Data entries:
>>
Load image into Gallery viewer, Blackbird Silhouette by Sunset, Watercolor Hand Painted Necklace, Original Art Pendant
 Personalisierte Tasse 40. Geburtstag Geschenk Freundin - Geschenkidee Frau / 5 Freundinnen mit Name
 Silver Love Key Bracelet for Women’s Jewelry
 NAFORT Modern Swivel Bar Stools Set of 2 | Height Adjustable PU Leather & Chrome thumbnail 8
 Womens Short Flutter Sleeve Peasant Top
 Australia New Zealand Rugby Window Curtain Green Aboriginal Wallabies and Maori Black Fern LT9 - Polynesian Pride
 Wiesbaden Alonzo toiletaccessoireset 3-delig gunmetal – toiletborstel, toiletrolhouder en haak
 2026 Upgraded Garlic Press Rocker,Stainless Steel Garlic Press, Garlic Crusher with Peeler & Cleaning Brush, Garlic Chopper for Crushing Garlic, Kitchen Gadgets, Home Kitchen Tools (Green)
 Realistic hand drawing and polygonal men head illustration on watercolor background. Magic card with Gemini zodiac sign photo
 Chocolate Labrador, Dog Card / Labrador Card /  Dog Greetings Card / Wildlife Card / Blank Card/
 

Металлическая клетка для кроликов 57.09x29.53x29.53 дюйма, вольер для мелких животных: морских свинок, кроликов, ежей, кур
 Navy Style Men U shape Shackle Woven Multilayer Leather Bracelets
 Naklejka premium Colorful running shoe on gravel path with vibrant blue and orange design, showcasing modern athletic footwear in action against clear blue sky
<<
Only the lines from the top of the data through the line that contains "Australia New Zealand" should be quoted, exactly as they stand.

- _Output_:
Load image into Gallery viewer, Blackbird Silhouette by Sunset, Watercolor Hand Painted Necklace, Original Art Pendant
 Personalisierte Tasse 40. Geburtstag Geschenk Freundin - Geschenkidee Frau / 5 Freundinnen mit Name
 Silver Love Key Bracelet for Women’s Jewelry
 NAFORT Modern Swivel Bar Stools Set of 2 | Height Adjustable PU Leather & Chrome thumbnail 8
 Womens Short Flutter Sleeve Peasant Top
 Australia New Zealand Rugby Window Curtain Green Aboriginal Wallabies and Maori Black Fern LT9 - Polynesian Pride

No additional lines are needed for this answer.